(DATA SECTION)

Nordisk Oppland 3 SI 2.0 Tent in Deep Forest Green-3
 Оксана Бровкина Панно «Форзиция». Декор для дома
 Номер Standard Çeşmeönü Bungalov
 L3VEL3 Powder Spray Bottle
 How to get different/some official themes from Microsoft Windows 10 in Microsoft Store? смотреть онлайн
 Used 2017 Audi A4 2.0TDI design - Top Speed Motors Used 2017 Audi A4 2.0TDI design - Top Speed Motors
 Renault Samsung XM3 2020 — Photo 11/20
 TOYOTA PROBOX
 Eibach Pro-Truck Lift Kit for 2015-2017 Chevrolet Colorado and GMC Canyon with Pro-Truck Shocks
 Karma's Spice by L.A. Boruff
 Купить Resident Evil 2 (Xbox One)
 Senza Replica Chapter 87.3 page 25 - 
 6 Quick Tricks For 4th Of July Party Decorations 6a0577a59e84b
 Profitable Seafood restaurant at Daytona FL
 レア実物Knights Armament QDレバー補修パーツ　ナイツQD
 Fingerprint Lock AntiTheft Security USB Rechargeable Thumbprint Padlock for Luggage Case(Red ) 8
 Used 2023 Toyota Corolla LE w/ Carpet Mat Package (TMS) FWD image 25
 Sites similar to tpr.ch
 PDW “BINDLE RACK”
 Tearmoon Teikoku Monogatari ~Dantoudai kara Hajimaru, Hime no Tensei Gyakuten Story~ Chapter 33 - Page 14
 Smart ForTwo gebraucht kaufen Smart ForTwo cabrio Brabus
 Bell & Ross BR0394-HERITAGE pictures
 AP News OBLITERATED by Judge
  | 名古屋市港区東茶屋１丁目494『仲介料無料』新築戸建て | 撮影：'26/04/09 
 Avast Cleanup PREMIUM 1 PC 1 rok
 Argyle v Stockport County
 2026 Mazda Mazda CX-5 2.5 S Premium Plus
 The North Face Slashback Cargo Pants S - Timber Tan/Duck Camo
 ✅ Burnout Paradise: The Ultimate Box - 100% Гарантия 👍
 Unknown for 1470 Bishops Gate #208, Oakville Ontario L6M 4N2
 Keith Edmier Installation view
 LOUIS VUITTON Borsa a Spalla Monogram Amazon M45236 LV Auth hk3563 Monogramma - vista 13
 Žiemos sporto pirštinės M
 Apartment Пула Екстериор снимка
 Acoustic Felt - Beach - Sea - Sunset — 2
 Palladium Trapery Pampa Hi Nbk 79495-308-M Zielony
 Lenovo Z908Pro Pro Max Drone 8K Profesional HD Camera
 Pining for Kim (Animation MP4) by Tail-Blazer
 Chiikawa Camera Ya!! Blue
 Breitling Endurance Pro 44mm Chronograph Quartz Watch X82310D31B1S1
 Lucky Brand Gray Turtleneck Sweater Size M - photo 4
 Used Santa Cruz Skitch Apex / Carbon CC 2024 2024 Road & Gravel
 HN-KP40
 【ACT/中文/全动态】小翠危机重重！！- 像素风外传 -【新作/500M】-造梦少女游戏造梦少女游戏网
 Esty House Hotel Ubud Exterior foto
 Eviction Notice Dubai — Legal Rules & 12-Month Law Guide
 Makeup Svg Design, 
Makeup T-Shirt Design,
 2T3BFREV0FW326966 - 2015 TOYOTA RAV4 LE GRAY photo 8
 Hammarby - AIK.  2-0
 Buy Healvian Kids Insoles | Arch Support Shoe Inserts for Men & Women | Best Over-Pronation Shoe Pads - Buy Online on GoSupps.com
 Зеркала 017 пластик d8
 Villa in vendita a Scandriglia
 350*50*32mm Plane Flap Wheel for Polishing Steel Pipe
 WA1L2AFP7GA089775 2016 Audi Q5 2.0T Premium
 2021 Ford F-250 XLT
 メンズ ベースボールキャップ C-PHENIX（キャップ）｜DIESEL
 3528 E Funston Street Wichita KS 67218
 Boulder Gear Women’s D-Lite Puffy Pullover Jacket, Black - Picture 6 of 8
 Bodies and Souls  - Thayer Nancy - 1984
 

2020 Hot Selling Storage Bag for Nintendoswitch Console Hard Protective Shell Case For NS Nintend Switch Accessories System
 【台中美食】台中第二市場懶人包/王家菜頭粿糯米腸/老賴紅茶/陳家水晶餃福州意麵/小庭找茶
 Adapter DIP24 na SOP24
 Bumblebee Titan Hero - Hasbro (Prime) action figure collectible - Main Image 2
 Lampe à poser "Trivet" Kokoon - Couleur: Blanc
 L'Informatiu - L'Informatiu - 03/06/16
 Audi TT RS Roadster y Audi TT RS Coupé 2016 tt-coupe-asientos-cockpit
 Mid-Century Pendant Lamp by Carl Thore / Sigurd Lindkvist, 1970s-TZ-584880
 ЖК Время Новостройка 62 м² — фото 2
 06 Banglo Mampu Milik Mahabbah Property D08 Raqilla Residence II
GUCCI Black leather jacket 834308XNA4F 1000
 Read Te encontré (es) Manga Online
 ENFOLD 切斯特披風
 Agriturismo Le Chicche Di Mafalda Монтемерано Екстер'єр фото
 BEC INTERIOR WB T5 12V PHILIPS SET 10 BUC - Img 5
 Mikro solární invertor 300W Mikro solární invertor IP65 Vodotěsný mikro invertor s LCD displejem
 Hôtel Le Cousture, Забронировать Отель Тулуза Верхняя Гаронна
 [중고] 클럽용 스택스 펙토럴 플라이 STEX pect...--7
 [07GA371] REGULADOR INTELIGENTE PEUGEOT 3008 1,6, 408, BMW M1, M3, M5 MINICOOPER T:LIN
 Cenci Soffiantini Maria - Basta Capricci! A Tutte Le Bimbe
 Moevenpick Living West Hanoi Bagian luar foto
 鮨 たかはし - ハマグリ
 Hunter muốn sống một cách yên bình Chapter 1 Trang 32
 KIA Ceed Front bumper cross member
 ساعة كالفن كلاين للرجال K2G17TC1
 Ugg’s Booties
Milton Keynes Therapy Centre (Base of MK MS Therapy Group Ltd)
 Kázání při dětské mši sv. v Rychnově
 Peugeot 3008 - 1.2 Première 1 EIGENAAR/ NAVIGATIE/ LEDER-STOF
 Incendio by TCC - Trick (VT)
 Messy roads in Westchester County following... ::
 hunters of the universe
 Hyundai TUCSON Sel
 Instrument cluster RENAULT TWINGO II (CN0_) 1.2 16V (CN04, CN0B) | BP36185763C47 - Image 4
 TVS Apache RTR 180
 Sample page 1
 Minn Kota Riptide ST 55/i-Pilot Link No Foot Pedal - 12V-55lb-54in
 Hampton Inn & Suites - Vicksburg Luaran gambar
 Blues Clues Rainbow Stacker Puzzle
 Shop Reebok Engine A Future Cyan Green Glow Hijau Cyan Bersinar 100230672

(End DATA SECTION)

WHAT IS BEING ASKED:
Search the listing above for the lines with "鮨 たかはし - ハマグリ" and "Minn Kota Riptide", then output those lines and all lines between them exactly.

ANSWER BOX:
 鮨 たかはし - ハマグリ
 Hunter muốn sống một cách yên bình Chapter 1 Trang 32
 KIA Ceed Front bumper cross member
 ساعة كالفن كلاين للرجال K2G17TC1
 Ugg’s Booties
Milton Keynes Therapy Centre (Base of MK MS Therapy Group Ltd)
 Kázání při dětské mši sv. v Rychnově
 Peugeot 3008 - 1.2 Première 1 EIGENAAR/ NAVIGATIE/ LEDER-STOF
 Incendio by TCC - Trick (VT)
 Messy roads in Westchester County following... ::
 hunters of the universe
 Hyundai TUCSON Sel
 Instrument cluster RENAULT TWINGO II (CN0_) 1.2 16V (CN04, CN0B) | BP36185763C47 - Image 4
 TVS Apache RTR 180
 Sample page 1
 Minn Kota Riptide ST 55/i-Pilot Link No Foot Pedal - 12V-55lb-54in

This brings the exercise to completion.